Available data:
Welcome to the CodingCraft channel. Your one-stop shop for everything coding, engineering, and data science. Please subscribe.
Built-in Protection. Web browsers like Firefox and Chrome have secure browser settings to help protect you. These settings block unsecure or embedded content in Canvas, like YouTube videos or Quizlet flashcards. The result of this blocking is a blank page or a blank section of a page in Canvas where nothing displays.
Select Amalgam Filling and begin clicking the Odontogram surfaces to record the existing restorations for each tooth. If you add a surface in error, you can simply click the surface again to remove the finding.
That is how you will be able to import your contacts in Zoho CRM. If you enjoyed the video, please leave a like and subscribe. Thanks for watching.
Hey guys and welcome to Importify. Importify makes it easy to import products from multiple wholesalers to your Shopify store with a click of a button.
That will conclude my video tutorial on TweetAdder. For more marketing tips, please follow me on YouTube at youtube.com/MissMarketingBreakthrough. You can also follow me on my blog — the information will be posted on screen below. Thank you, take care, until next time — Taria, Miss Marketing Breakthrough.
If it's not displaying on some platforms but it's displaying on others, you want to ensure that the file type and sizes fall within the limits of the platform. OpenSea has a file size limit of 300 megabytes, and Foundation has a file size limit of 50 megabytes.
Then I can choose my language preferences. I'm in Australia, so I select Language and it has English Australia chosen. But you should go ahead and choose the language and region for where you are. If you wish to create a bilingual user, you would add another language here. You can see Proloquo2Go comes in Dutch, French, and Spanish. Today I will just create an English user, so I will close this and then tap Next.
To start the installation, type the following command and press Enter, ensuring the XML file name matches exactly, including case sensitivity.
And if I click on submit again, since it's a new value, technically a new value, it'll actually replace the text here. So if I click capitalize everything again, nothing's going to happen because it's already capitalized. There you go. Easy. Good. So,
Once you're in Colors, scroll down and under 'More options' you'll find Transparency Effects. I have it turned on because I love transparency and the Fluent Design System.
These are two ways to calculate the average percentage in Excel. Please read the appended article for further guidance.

* * *

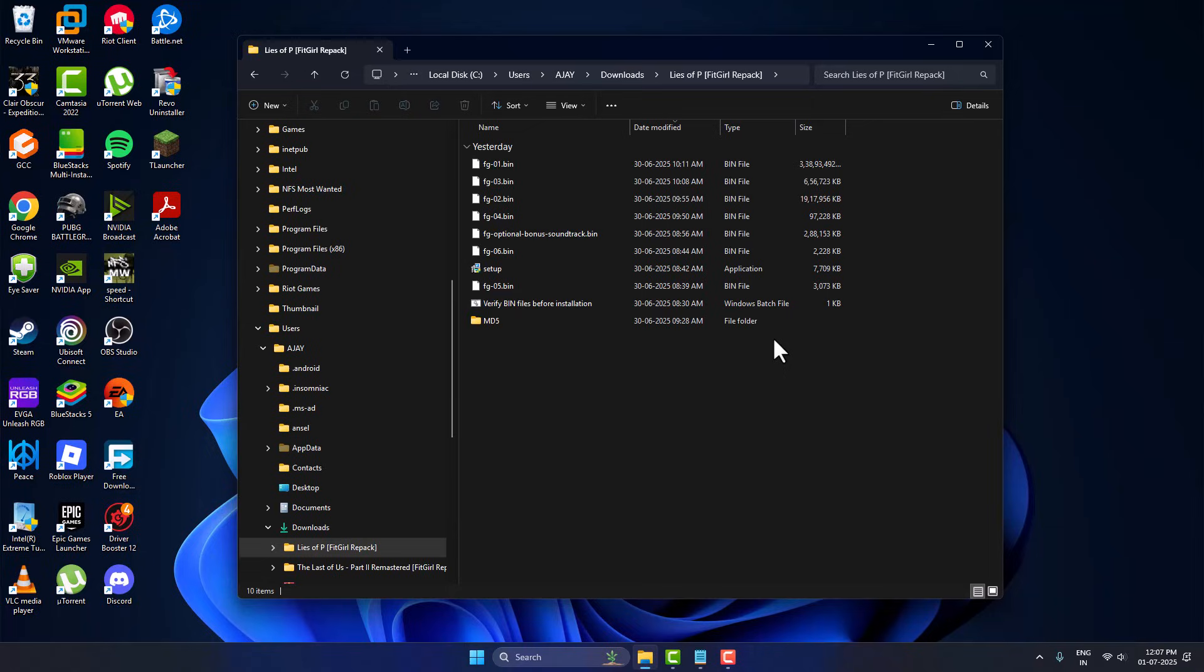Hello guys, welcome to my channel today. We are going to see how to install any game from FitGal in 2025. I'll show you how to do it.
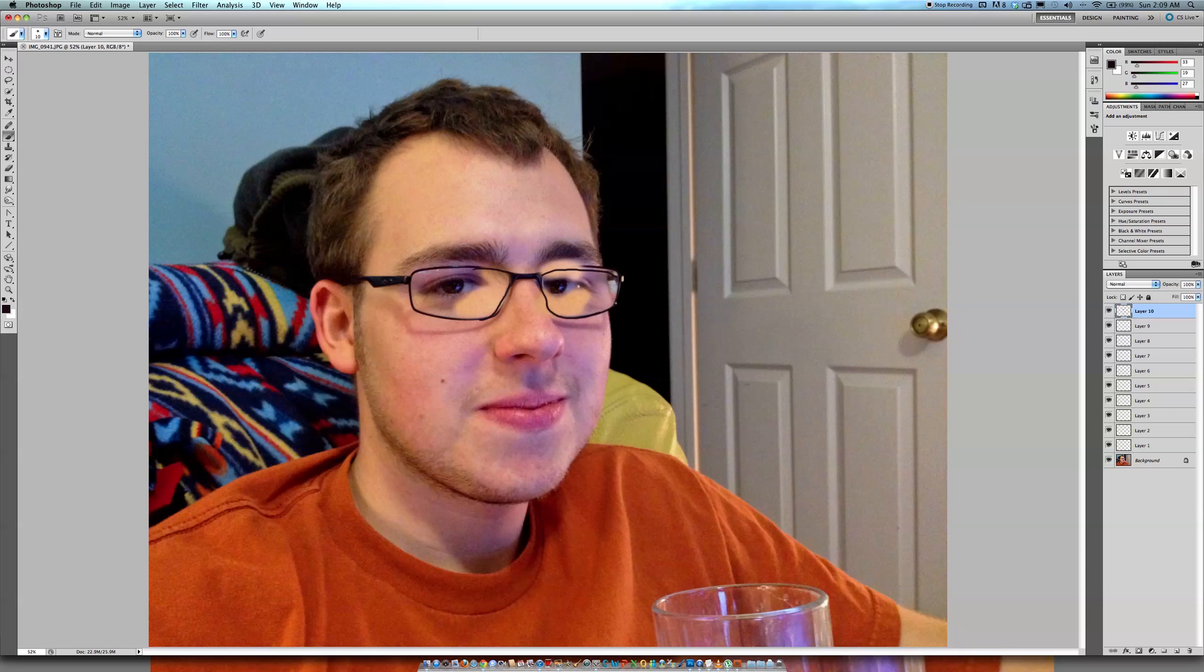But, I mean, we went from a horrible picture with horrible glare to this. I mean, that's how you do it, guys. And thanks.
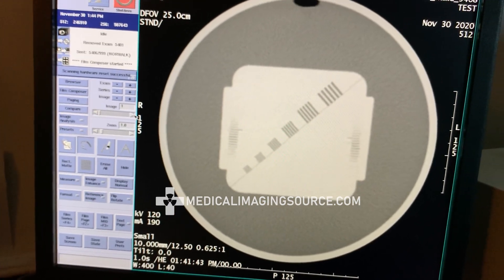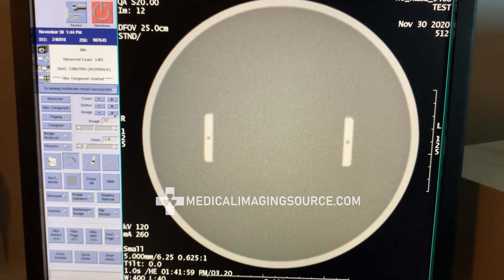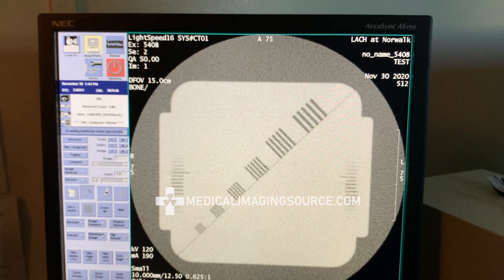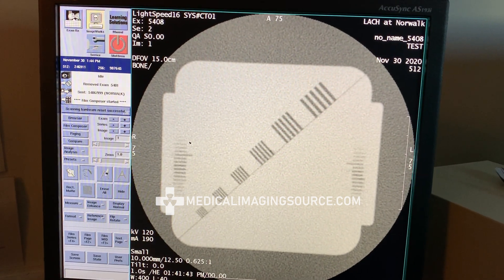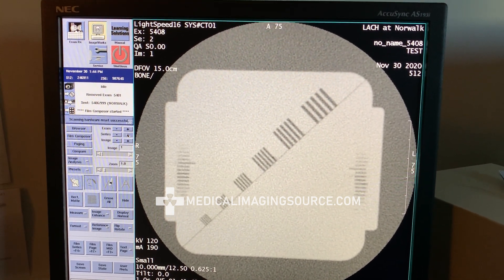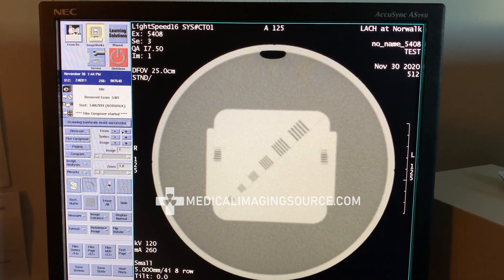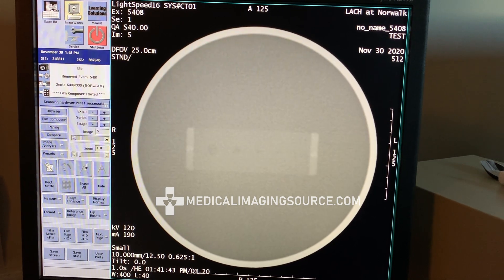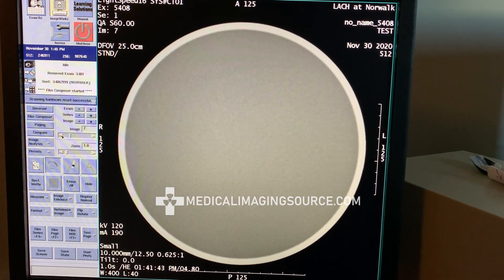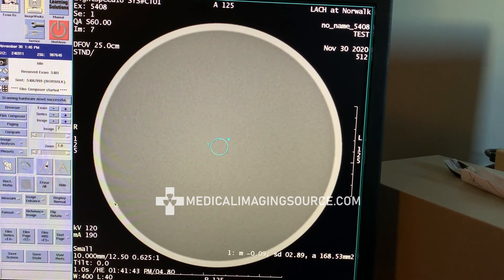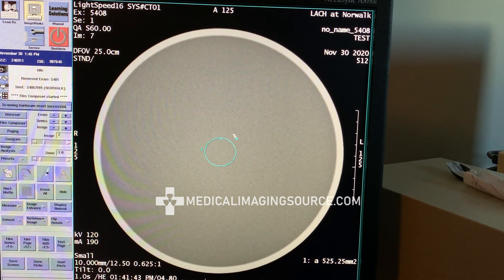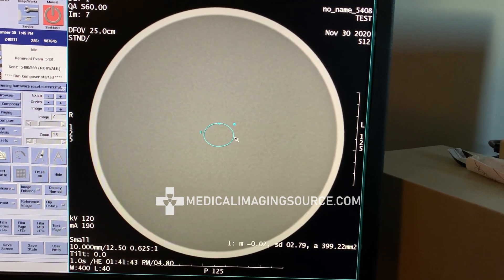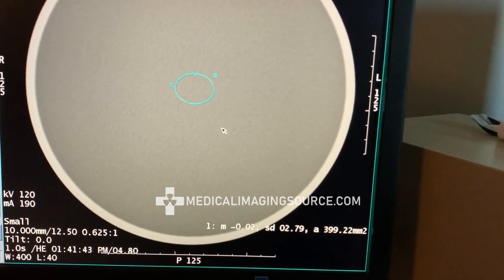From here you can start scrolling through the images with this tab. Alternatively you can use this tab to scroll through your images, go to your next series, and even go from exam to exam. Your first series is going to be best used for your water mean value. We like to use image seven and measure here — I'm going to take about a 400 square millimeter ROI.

What you should do:
Gather from the entries above all lines that include the string "where".

Solution for this problem:
Built-in Protection. Web browsers like Firefox and Chrome have secure browser settings to help protect you. These settings block unsecure or embedded content in Canvas, like YouTube videos or Quizlet flashcards. The result of this blocking is a blank page or a blank section of a page in Canvas where nothing displays.
Then I can choose my language preferences. I'm in Australia, so I select Language and it has English Australia chosen. But you should go ahead and choose the language and region for where you are. If you wish to create a bilingual user, you would add another language here. You can see Proloquo2Go comes in Dutch, French, and Spanish. Today I will just create an English user, so I will close this and then tap Next.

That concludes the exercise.